It will be useful to understand why DDL bottleneck is most commonly related to TempDB and not in user databases. Well, if you think about user database(s), they are created as part of application design. Once the application is tested and deployed, the schema in user databases does not change except may be to add/drop indexes or when the application is upgraded to a newer version. TempDB on the other hand is quite different and is used as a scratch pad both by user applications to store intermediate data in # and ## tables as well as table variables and also by SQL Server as part of processing queries. Please refer to the http://blogs.msdn.com/sqlserverstorageengine/archive/2008/12/22/tempdb-basics-cont.aspx for some background. Now, let us take a simple case where an application creates a #table containing 10 columns in a stored procedure. When this stored procedure is invoked, the SQL Server creates this #table by inserting one row in system table that stores meta-information about tables and 10 rows, each representing 1 column the #table, in the system table storing meta-information about column. There may be other system tables affected, for example when you create index(s) on the #table, but it is clear that at minimum, it will require 11 rows to be inserted into system tables at create time and then these rows to be deleted when the stored procedure terminates. Now for moments assume that this table is not cached and this stored procedure is executed thousands of times by concurrent threads. It will cause a large number of inserts/deletes in system tables in TempDB. I hope that this provides you a good understanding why and how the DDL contention, i.e. blocking when accessing system tables, can happen inside TempDB. Note, it is possible that an application may create another ‘user’ database as a scratch pad. In that case, this database can potentially incur DDL bottleneck but then you may wonder why create a scratch database when TempDB provides optimized logging and easy manageability.
Now let us discuss how to detect DDL contention and what you can do to minimize it.
Diagnosing DDL Contention
As I indicated in the previous paragraph, the DDL contention refers to the contention in pages belonging to system tables. For this specific case, we need to look at PAGELATCH contention in system tables within TempDB. You can use the following query to identify it
select session_id, wait_duration_ms, resource_description
from sys.dm_os_waiting_tasks
where wait_type like 'PAGE%LATCH_%' and
resource_description like '2:%'
You may recall that this query is very similar, in fact it is identical, to the DMV query to detect allocation bottleneck. The difference however is that you will need to look at pages other than GAM, SGAM and PFS that are incurring PAGELATCH waits and see, using undocumented DBCC PAGE command, if these pages indeed belong to system table(s) in TempDB. This will show you that you are indeed incurring DDL bottleneck. Now for any performance metrics, you will need to compare this number with baseline when the workload was performing normally and see if you are incurring excessive DDL bottleneck.
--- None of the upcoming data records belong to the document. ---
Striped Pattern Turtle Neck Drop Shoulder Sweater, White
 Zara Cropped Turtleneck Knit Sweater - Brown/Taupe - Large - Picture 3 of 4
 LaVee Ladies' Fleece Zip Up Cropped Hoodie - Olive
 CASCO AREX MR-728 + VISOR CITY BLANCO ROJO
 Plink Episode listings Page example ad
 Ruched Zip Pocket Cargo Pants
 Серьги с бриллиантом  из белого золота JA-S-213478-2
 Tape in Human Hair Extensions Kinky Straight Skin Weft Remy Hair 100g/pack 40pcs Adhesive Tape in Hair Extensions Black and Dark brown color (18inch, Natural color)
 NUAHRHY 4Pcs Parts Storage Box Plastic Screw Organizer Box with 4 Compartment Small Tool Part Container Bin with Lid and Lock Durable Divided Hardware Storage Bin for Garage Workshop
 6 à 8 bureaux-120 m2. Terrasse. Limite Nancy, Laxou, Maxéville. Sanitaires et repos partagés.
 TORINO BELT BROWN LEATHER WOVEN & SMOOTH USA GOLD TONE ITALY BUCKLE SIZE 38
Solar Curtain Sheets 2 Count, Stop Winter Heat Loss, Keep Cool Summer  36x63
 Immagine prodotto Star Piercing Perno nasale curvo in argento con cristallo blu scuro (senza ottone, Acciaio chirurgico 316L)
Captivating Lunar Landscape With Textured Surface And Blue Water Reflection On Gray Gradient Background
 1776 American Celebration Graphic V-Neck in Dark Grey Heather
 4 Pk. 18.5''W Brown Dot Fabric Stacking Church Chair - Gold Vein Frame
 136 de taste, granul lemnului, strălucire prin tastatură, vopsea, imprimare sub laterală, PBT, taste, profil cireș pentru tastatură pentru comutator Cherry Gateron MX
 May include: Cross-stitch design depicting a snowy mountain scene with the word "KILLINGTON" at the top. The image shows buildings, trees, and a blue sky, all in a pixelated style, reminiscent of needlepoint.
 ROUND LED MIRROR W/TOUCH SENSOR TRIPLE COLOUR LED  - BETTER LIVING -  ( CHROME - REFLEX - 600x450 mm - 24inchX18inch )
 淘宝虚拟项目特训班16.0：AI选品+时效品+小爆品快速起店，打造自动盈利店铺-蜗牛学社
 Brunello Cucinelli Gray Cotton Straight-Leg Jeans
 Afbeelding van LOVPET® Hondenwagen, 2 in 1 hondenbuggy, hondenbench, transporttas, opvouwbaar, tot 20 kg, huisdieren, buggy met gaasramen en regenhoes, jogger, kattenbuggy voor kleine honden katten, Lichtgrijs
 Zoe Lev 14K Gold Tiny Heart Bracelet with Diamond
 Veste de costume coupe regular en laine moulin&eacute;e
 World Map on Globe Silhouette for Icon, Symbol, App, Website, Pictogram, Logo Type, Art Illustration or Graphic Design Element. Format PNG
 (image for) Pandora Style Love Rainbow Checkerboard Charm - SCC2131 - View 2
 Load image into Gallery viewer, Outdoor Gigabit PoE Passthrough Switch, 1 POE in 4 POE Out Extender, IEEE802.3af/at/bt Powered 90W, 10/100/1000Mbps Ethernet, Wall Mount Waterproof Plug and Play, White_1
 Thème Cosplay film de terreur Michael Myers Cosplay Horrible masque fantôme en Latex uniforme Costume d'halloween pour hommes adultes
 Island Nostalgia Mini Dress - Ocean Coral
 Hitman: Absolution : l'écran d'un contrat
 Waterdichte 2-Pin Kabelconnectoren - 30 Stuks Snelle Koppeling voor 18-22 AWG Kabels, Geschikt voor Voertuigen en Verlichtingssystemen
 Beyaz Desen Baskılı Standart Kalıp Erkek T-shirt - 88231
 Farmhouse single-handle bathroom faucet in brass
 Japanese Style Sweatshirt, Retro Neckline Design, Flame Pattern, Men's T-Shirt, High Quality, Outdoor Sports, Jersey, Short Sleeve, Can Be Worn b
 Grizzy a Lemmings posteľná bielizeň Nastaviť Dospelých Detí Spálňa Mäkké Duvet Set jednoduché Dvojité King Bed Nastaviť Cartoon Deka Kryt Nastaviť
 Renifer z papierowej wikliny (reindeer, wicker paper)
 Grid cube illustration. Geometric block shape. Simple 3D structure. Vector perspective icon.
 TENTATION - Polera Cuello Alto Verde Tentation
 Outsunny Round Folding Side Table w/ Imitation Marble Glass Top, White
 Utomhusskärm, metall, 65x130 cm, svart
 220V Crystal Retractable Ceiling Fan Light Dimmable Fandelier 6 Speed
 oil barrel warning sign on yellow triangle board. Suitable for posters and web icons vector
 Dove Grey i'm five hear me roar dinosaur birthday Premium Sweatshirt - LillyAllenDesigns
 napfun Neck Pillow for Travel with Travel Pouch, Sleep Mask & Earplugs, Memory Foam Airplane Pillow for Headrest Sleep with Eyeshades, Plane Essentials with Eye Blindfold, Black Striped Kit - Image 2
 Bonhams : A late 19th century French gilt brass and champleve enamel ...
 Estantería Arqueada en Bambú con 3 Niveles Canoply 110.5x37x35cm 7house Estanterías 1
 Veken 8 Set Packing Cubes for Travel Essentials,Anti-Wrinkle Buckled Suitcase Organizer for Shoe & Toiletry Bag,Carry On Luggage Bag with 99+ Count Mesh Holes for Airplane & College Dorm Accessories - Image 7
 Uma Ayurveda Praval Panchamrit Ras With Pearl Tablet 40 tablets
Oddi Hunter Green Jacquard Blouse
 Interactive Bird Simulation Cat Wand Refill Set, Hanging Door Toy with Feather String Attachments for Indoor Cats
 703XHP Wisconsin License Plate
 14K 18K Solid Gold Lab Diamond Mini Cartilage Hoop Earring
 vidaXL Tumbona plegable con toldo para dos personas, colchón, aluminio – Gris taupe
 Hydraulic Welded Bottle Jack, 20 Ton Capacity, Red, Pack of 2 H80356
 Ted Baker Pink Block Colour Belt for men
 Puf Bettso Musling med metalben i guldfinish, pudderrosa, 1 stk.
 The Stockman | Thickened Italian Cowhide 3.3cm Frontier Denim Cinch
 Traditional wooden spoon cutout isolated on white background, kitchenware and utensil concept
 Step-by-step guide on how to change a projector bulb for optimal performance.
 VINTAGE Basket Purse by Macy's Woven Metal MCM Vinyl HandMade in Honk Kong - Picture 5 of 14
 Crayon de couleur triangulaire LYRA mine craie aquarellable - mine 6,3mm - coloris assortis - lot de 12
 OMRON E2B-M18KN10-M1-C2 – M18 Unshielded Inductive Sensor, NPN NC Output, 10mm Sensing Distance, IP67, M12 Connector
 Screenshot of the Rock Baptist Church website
You can also look at the following PERFMON counters to see if you are encountering significant change in these numbers. Note, internal objects in TempDB don’t cause DDL contention.
· Temp Tables Creation Rate The number of temporary table or variables created/sec.
· Temp Tables For Destruction The number of temporary tables or variables waiting to be destroyed by cleanup system thread.
Troubleshooting:
OK, now you have determined that you indeed are encountering DDL bottleneck, what can you do? Clearly, the goal is to minimize creation/destruction of user objects (i.e. #, ## and table variables). Unfortunately, there are no easy fixes. My suggestions are
(1) Check if the user objects are indeed getting cached. Please refer to http://blogs.msdn.com/sqlserverstorageengine/archive/2008/12/22/tempdb-basics-cont.aspx for details on detecting user object caching.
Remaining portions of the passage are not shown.